◆ The problem: Down to the last line, restate the records below word for word, dropping every image.

◆ Exercise materials:

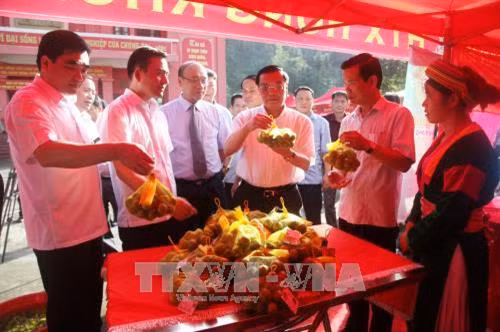 Bộ trưởng Bộ Khoa học và Công nghệ Chu Ngọc Anh và các đại biểu thăm quan sản phẩm hồng không hạt Quản Bạ. Ảnh: Minh Tâm - TTXVN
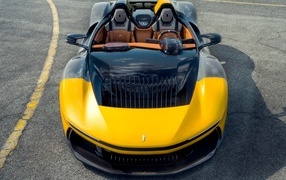 Вид сверху на спортивный автомобиль Pininfarina B95 Prototipo 2023 года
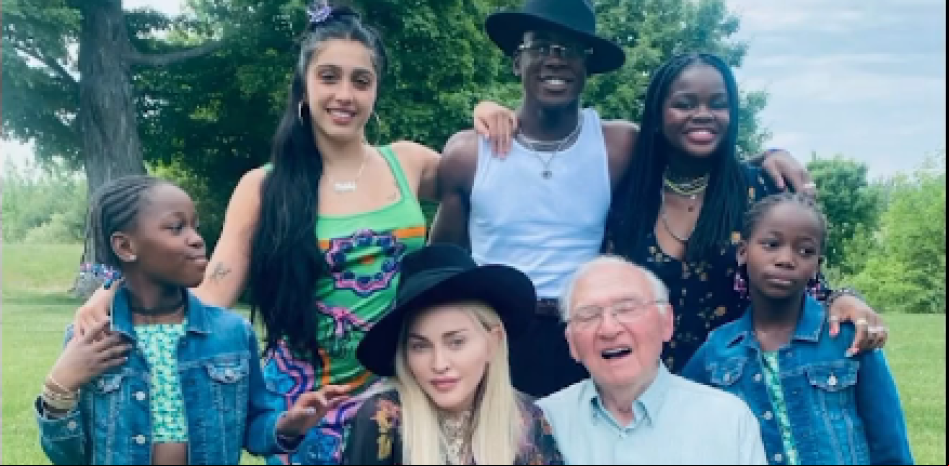 Instagram de los famosos: Madonna reúne a su prole para los 90 años de su padre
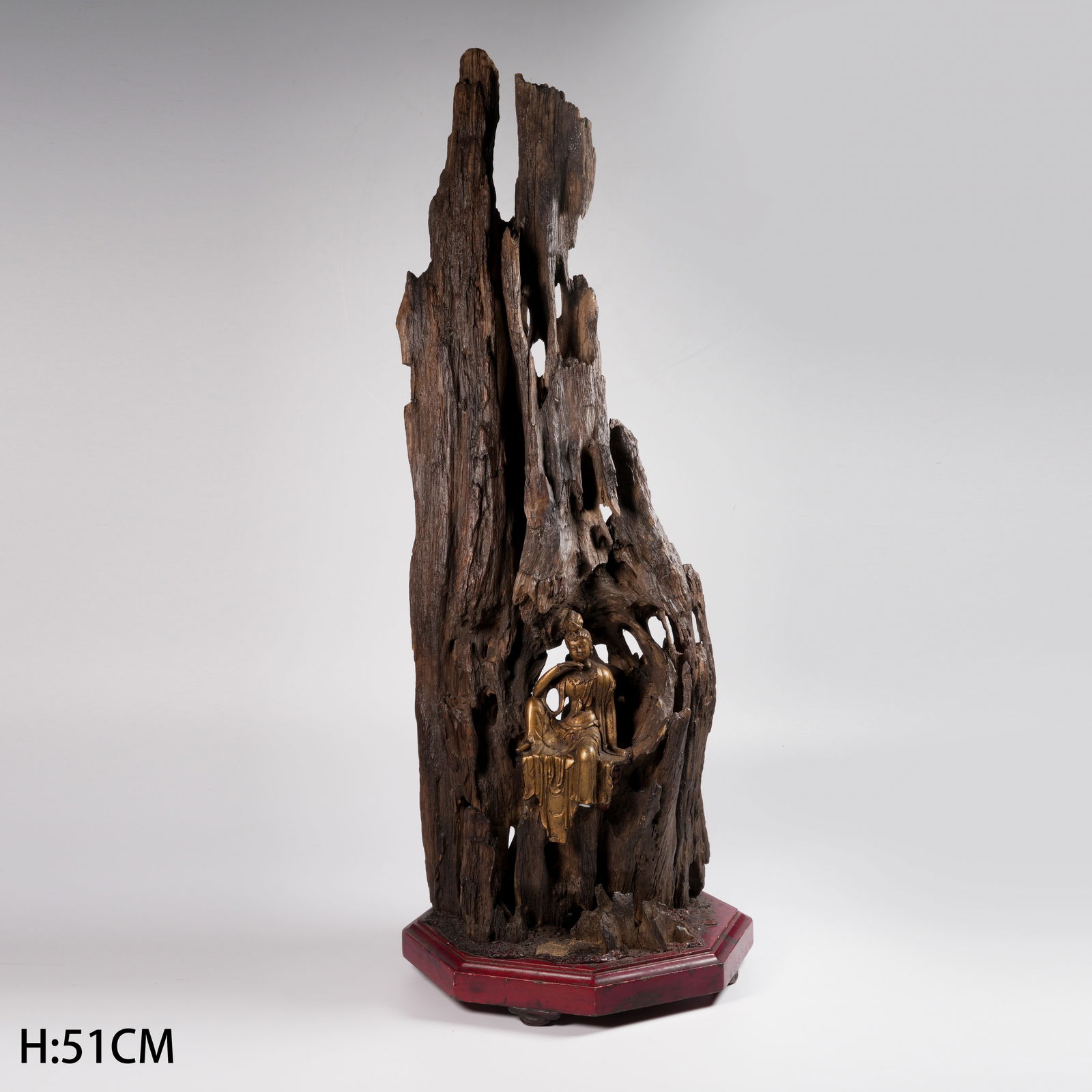 A QI'NAN AGARWOOD "GUANYIN AT EASE" MOUNTAIN-FORM ORNAMENT: Qi'nan Agarwood "Guanyin at Ease" Mountain-Form Ornament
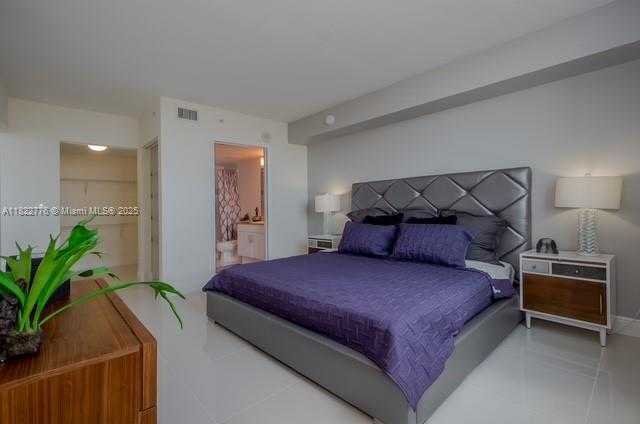 Small Image of 1861 NORTH WEST S RIVER DR #807, Miami Number 7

◆ Task output:
 Bộ trưởng Bộ Khoa học và Công nghệ Chu Ngọc Anh và các đại biểu thăm quan sản phẩm hồng không hạt Quản Bạ. Ảnh: Minh Tâm - TTXVN
 Вид сверху на спортивный автомобиль Pininfarina B95 Prototipo 2023 года
 Instagram de los famosos: Madonna reúne a su prole para los 90 años de su padre
 A QI'NAN AGARWOOD "GUANYIN AT EASE" MOUNTAIN-FORM ORNAMENT: Qi'nan Agarwood "Guanyin at Ease" Mountain-Form Ornament
 Small Image of 1861 NORTH WEST S RIVER DR #807, Miami Number 7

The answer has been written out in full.